10 - Hashing
10.1 - Introduction
- Hashing = A technique that retrieves the value using the index obtained from the key without performing a search.
- Hashing is superefficient. Takes O(1) time to search, insert and delete an element using hashing.
- Hashing uses a hashing function to map a key to an index.
- Key is used to search for the corresponding value.
- Hash Table = Array that stores the values that can map a key to an index in an array.
- Has 3 states: Occupied, Marked or Empty.
- Hash Function = The function that maps a key to an index in the hash table.
- Converts a search key to an integer value (hashcode)
- Compresses the hashcode to an index in the hash table.
- Perfect Hash Function = A function that maps each search key to a different index in the hash table. Difficult because of collision.
- Hash Collision = When two or more keys are mapped to the same hash value.
- HashMaps have low time complexities. (get has O(1), values/rehash has O(capacity)
10.2 - Hash Functions and Hash Codes
- Hashcode = An integer value of the search key from an object.
- Java`s root class Object has the hashCode method.
- hashCode() returns the memoryAddress of the object when not overridden.
- HashCode rules:
- Override the hashCode() method when overriding the equals() method to make sure two equal objects have the same hashcode.
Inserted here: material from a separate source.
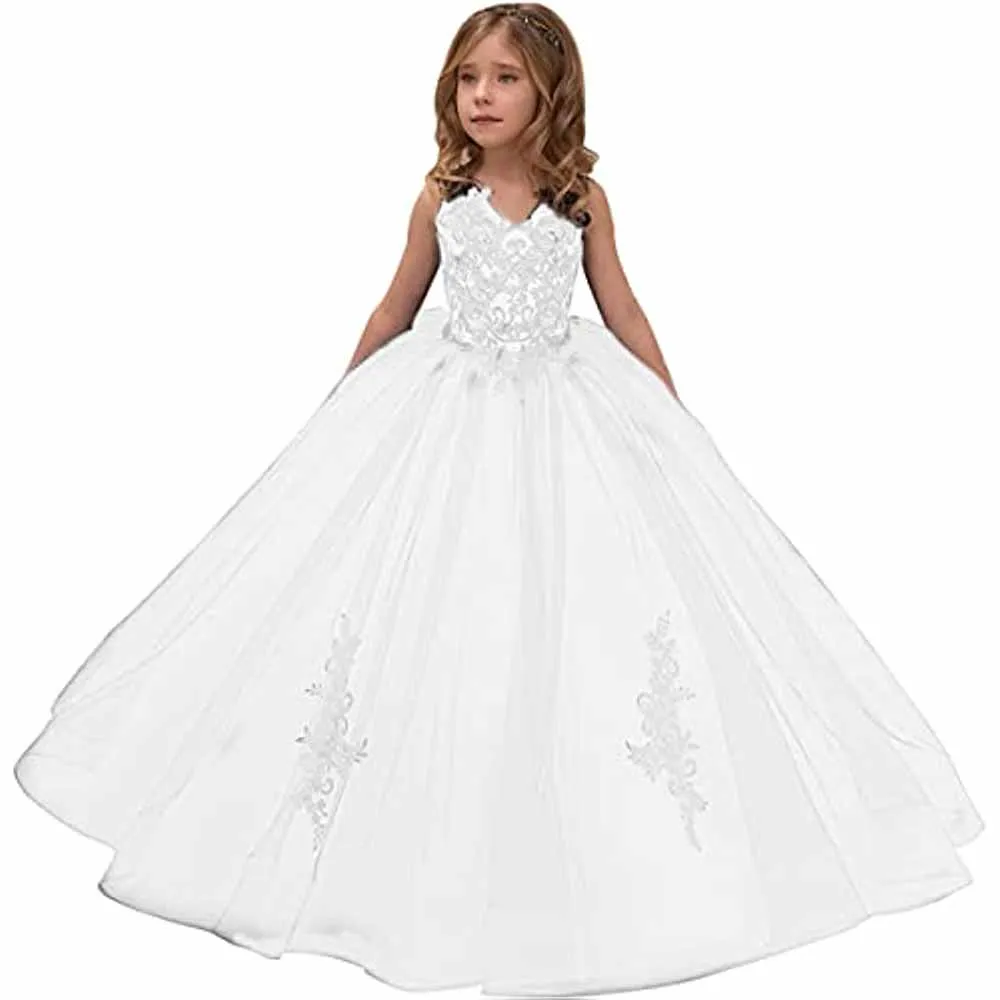 Flower Girl Dress Kids Lace Applique Pageant Ball Gown Prom Dresses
- Invoking the hashCode() method multiple times during a program execution should result in the same integer when the objects data has not changed.
- Two unequal objects may have the same hashcode, when they are not equal. The hashCode() method needs to be overwritten.
- Folding = Converting a 64-bit into two 32-bit hashes and using the XOR (java bitwise: ^ )operation. To create one 32-bit hashcode from which all 64-bits have been taken in consideration. (for example Long.hashCode() works like this)
- Polynomial hash code = ???
10.3 - Handling Collisions Using Open Addressing
Open Addressing = The process of finding an open location in the hash table in the event of a collision. In one of 3 ways:
- Linear Probing = Finding the next available location sequentially.
- Generally causes clusters.
- Collision at hashTable[(k) % n]? Then k++;
- K is the hashvalue.
- N is a chosen prime.
- Will always find a location, as long as the table is not full.
- Quadratic Probing = Finding the next available location while changing the location modifier quadratic.
- Causes Secondary Clustering
- Collision at hashTable[(k + j^2) % N]? then j++, starting with 1;
- K is the hashvalue.
- J is an integer 1,2,3,4,5, etc.
- N is a chosen prime.
- Possible that is does not find a spot for the key.
- Double Hashing = Uses a secondairy hash function h`(key) on the keys to determine increments.
- Collision at hashTable[(k+j*h`(key))]? Then j++, starting with 0.
- h`(key) should not return 0.
- Linear Probing = Finding the next available location sequentially.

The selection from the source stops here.